* **Prompt**
Exercise in exact copying: restate word for word only the lines below from the one containing "44516 Blueridge Meadows" through the one containing "used 2003 Chevrolet", omitting any pictures.

* **Exercise input**
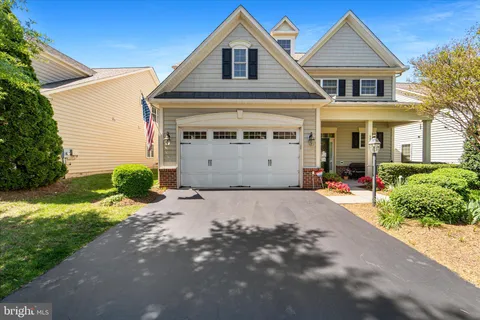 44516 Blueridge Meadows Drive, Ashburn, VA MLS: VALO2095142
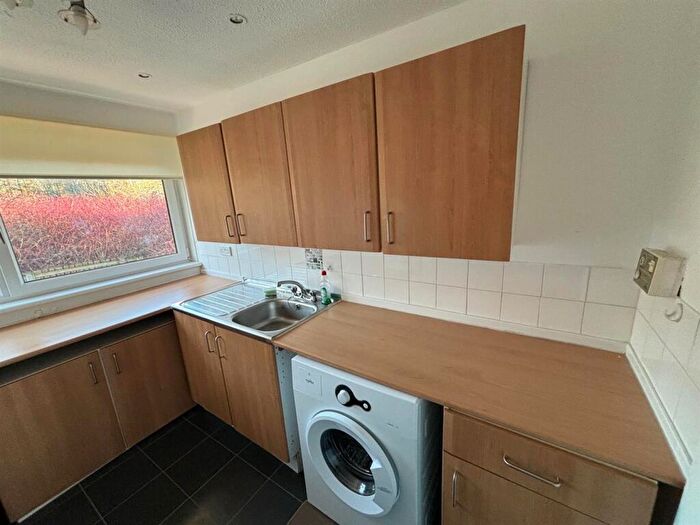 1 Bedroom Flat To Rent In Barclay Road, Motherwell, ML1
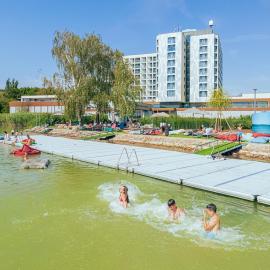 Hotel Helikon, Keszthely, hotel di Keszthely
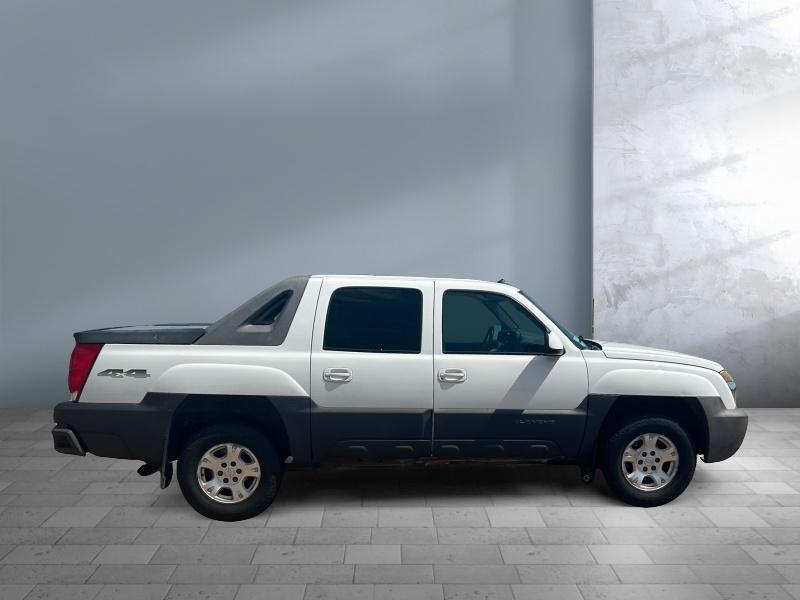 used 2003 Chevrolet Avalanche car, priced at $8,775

* * *

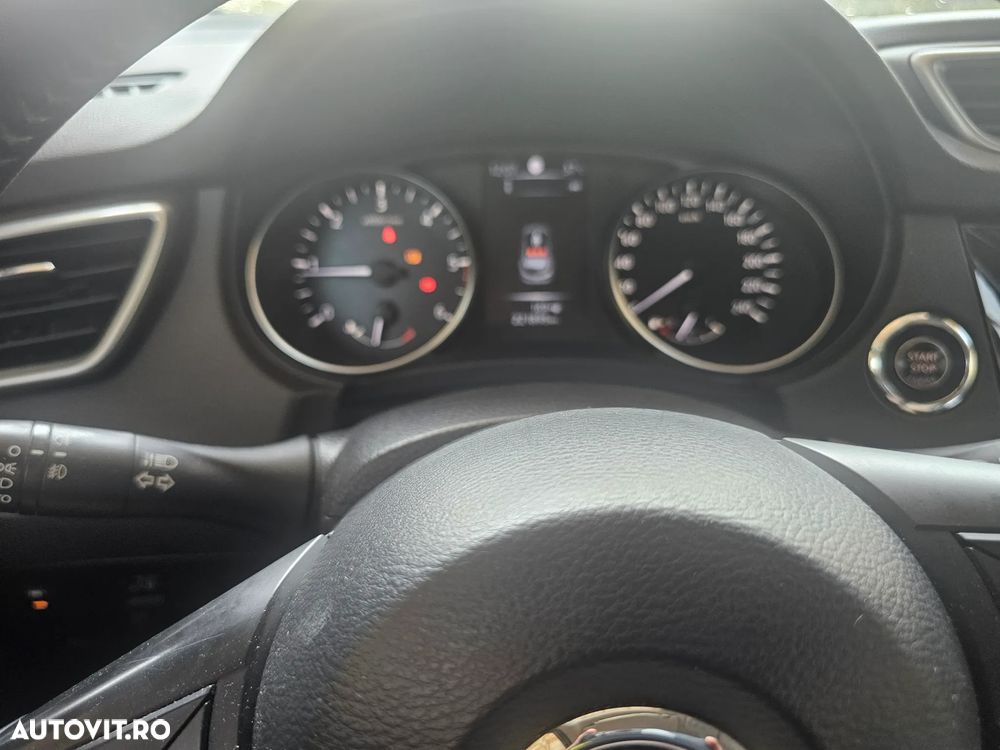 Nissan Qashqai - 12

==

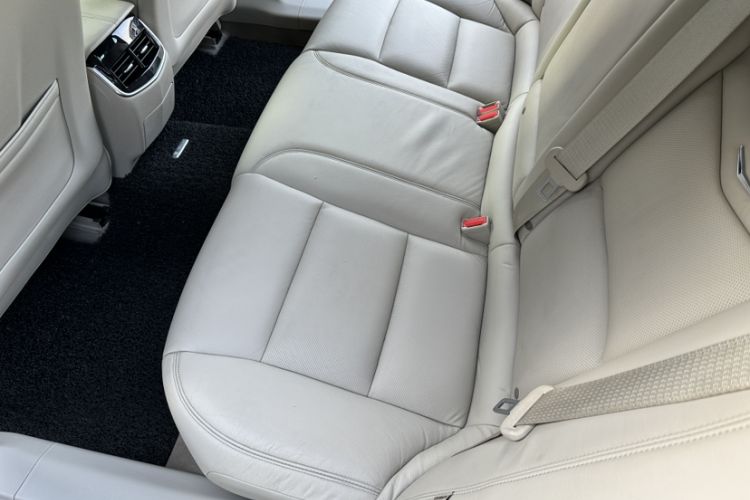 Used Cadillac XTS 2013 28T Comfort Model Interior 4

* **Response below**
 44516 Blueridge Meadows Drive, Ashburn, VA MLS: VALO2095142
 1 Bedroom Flat To Rent In Barclay Road, Motherwell, ML1
 Hotel Helikon, Keszthely, hotel di Keszthely
 used 2003 Chevrolet Avalanche car, priced at $8,775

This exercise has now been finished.